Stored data

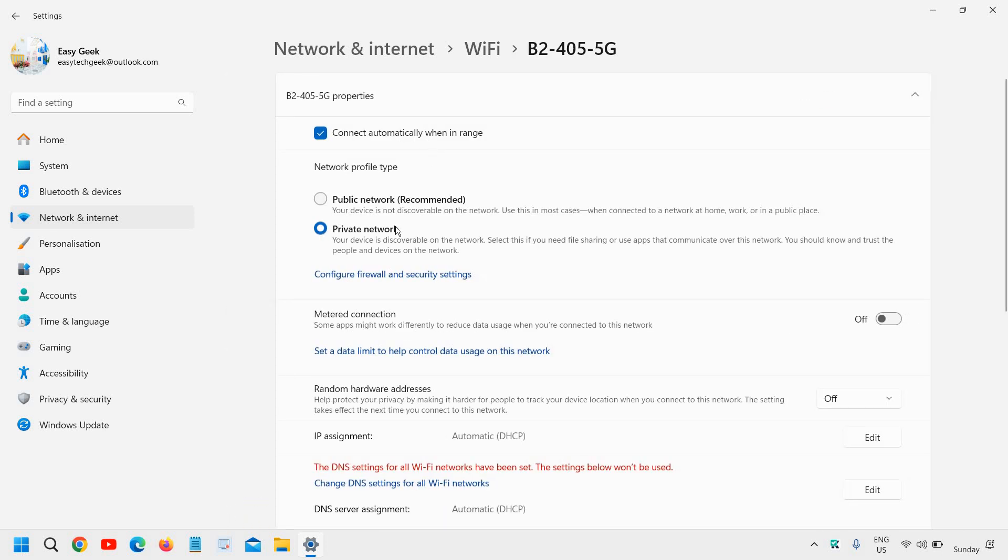Then you will find Metered Connection. From here, you can disable the metered connection or enable the metered connection.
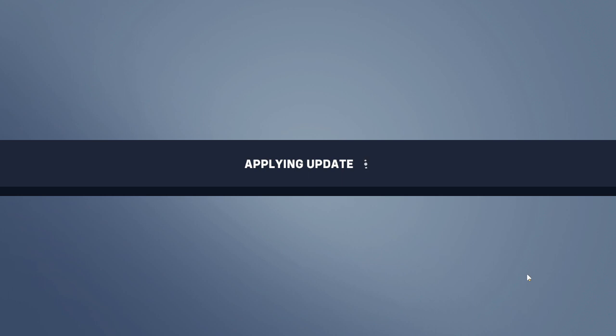I tried to load into the practice range and it just sits on 'Applying Update' for a while. You'll see what I mean when I say Blizzard doesn't want me to play this game, because eventually it just gives me an unknown error.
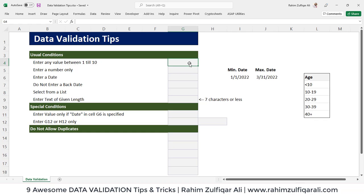Hi, this is Raheem Zulfiqareli from Excel Basement. In this video, we will learn some useful tips regarding data validation.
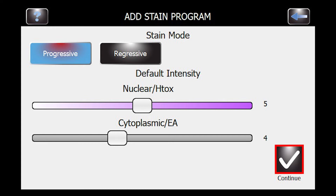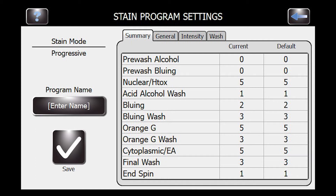This will take you into the menu that has all of the settings. There are 11 different settings that you can work with to get staining customized to meet the user's preferences.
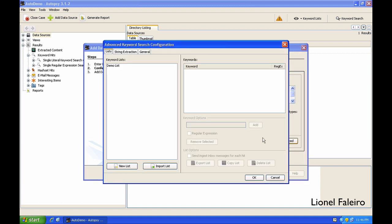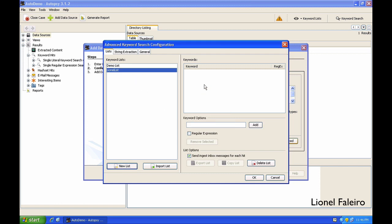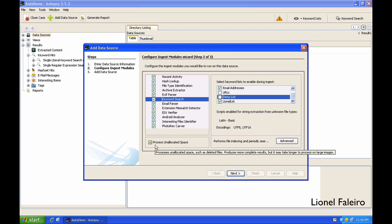When I'm looking at keyword search, I can create my own keyword list by going into Advanced, creating a new list. I'm giving it an email process list. When I create my keyword list, I need to specify the keywords to be used. For example, I'm giving Frodo and Baggins because this image has a lot of Lord of the Rings based data. In the keyword list, I'll make sure that my list is selected. If process unallocated space is marked, Autopsy will then go through the free space and try to find files that have been deleted or try to find remnants of files in that free space.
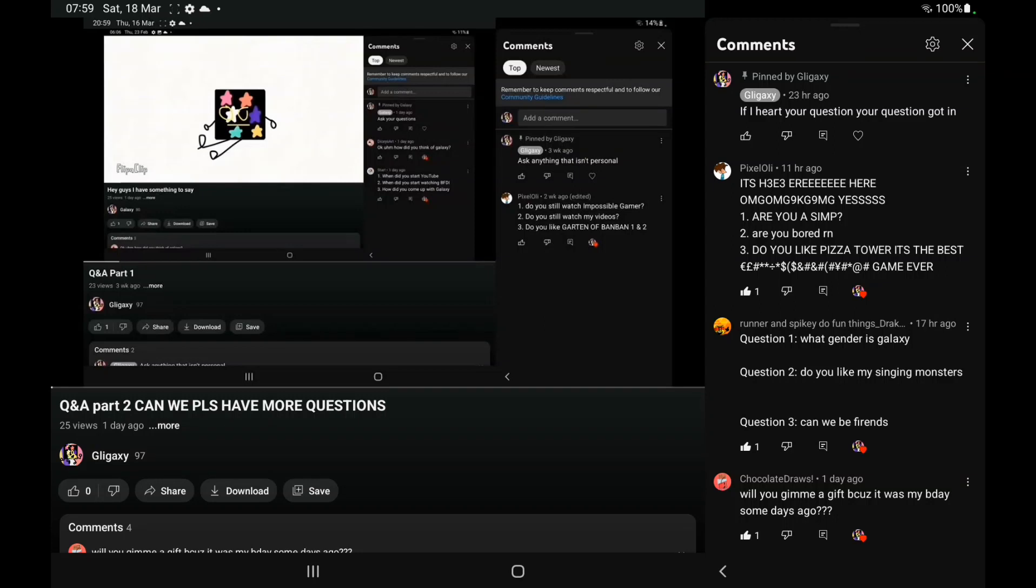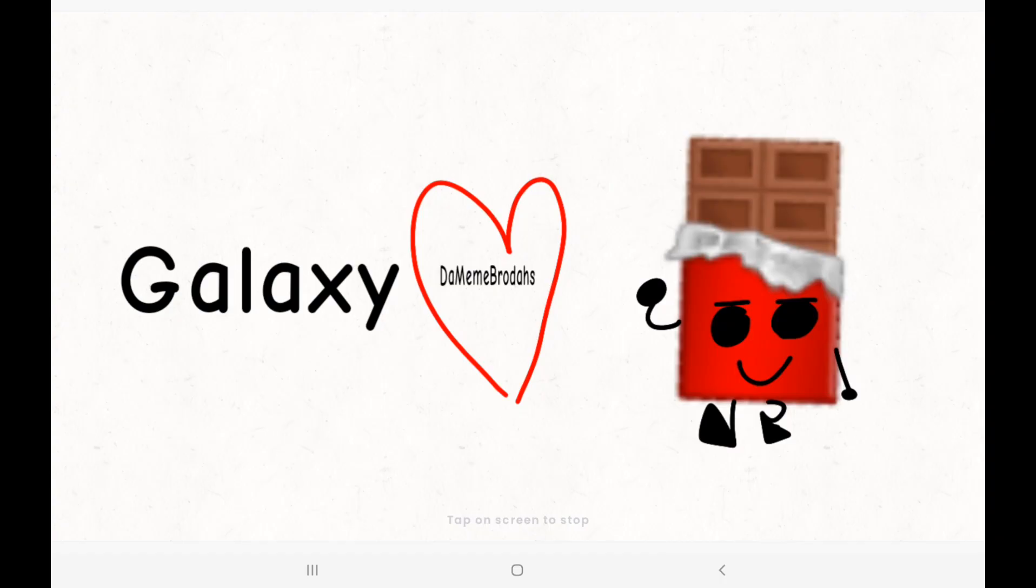The last one is from Chocolate Drawers, and he said, will you give me a gift because it was my birthday some days ago? I'm a boy. Roll to the next three. I was lazy to put myself in the pic.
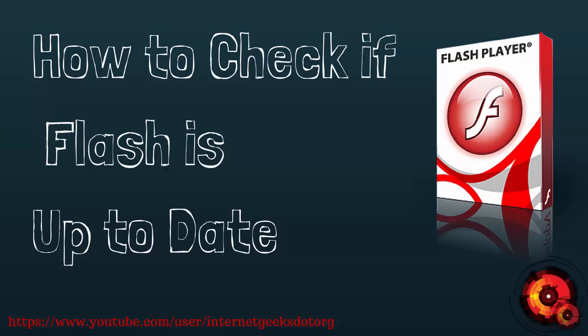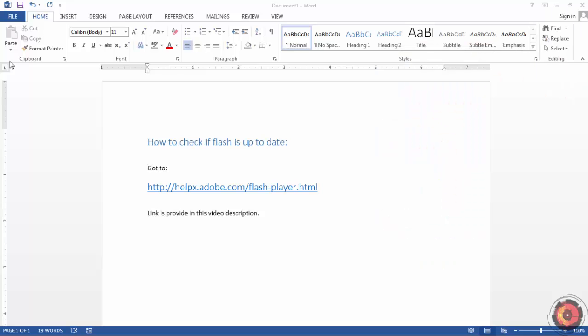Hi, this is Azad from internetgeeks.org. In this video I will show you how to check if your Flash Player is installed and up to date. To do so, you have to go to this link.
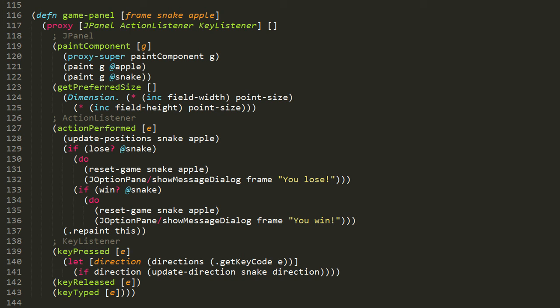That vector is bound to the symbol direction by this let form, and then in the body of the let form, if direction is anything other than false or nil, which it will be if the key pressed was either left, right, up, or down, in which case we invoke update-direction, passing in the snake ref and this new direction, the one that we got from the key code. So when keyPressed is passed a KeyListener event with a key code of either up, down, left, or right, then we're going to update the direction of our snake.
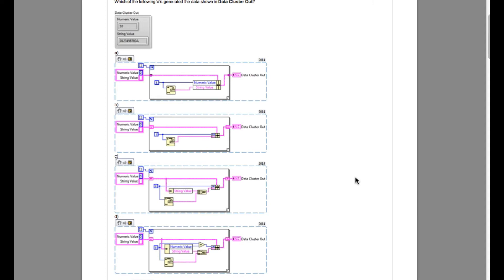So the output looks like 10 and then there's a long string that means it has to be the concatenated string. So we are going to look for the function that actually concatenates the string.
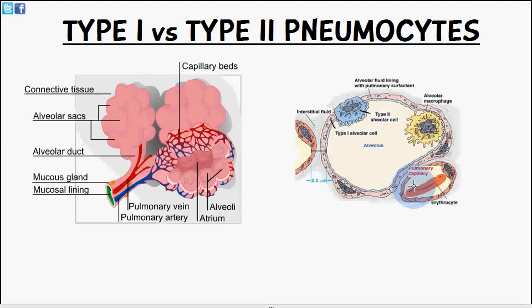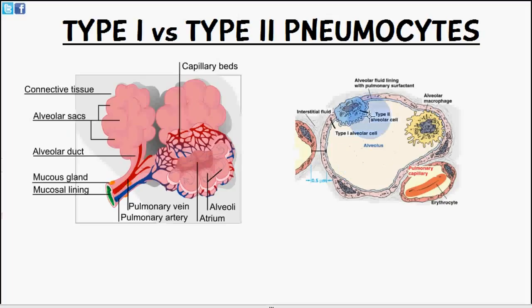Now the type 2 pneumocyte is a little bit different. It's also known as a great alveolar cell, and it is what secretes pulmonary surfactant.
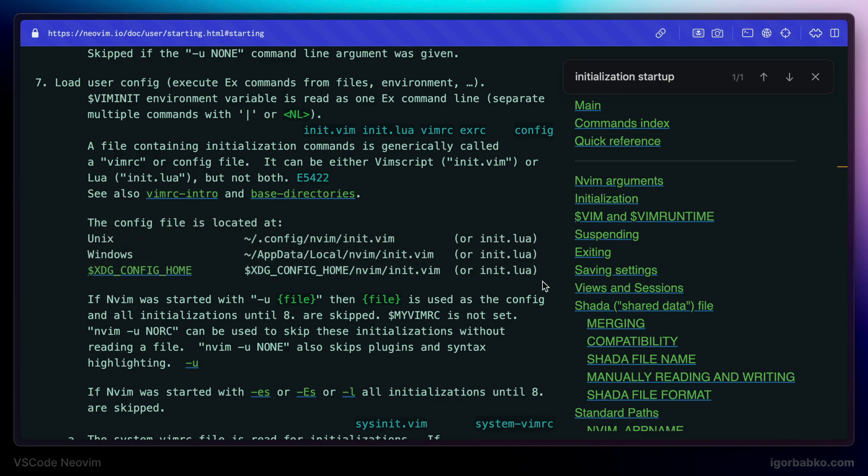And by the way besides using Vim script to configure Vim we can also use Lua syntax to configure NeoVim. So I'm going to use Lua which is more modern way to configure Vim.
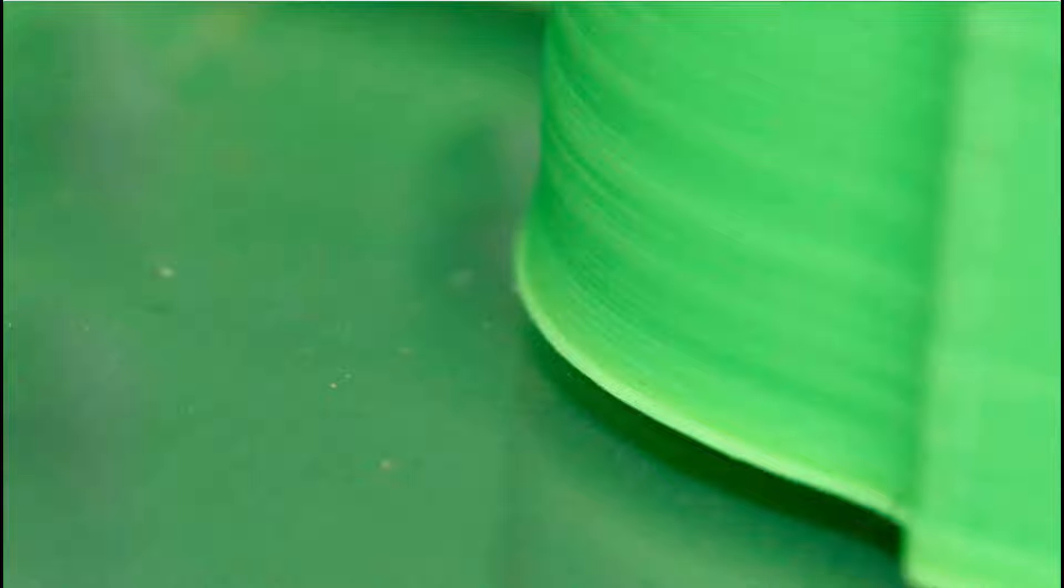First off, let's talk about elephant's foot. This is an issue where the print bows out where it makes contact with the bed surface, as can be seen here. This is caused by the bottom layer not cooling enough before the weight of the above layers can compress them and make them bulge outwards.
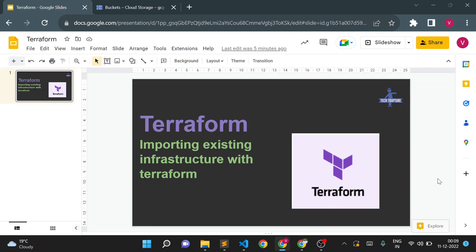Hello, welcome to TechTapture. I'm Vishal Bulbule and in this video we are going to see how we can import existing infrastructure with Terraform. Consider a use case where you are manually creating Google Cloud resources and have been doing so for the last two to four years. Now you want to use Terraform going forward, and you want to import existing resources into Terraform configuration without deleting them.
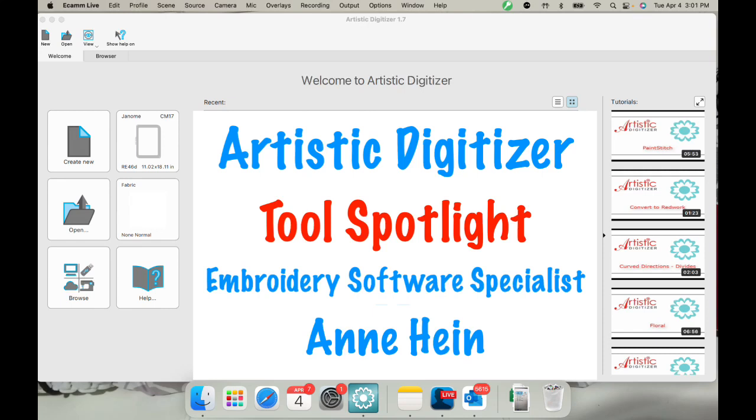Hi, everyone. Welcome to Artistic Digitizer and Tool Spotlight. I'm Embroidery Software Specialist Anne Hine. Today we're going to cover working with the Array Fill Tool.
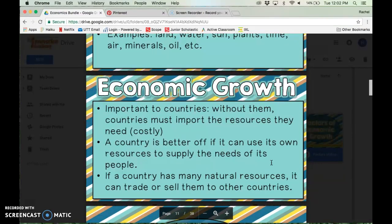Why this is important to a country's economic growth: without natural resources, the country must import all the resources they need, which is very expensive. A country is better off if it can use its own resources to supply the needs of its people, rather than having to pay and trade with other countries. If a country has many natural resources, it can trade or sell them with other countries, which generates profit. So we need natural resources to make items and necessities, and to produce revenue by trading and selling them with other countries.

Task to complete:
Copy exactly the lines of the entries above from the one containing "I tried to load" through the one containing "When I'm looking". Both end lines count; pictures do not.

Solution to this problem:
I tried to load into the practice range and it just sits on 'Applying Update' for a while. You'll see what I mean when I say Blizzard doesn't want me to play this game, because eventually it just gives me an unknown error.
Hi, this is Raheem Zulfiqareli from Excel Basement. In this video, we will learn some useful tips regarding data validation.
This will take you into the menu that has all of the settings. There are 11 different settings that you can work with to get staining customized to meet the user's preferences.
When I'm looking at keyword search, I can create my own keyword list by going into Advanced, creating a new list. I'm giving it an email process list. When I create my keyword list, I need to specify the keywords to be used. For example, I'm giving Frodo and Baggins because this image has a lot of Lord of the Rings based data. In the keyword list, I'll make sure that my list is selected. If process unallocated space is marked, Autopsy will then go through the free space and try to find files that have been deleted or try to find remnants of files in that free space.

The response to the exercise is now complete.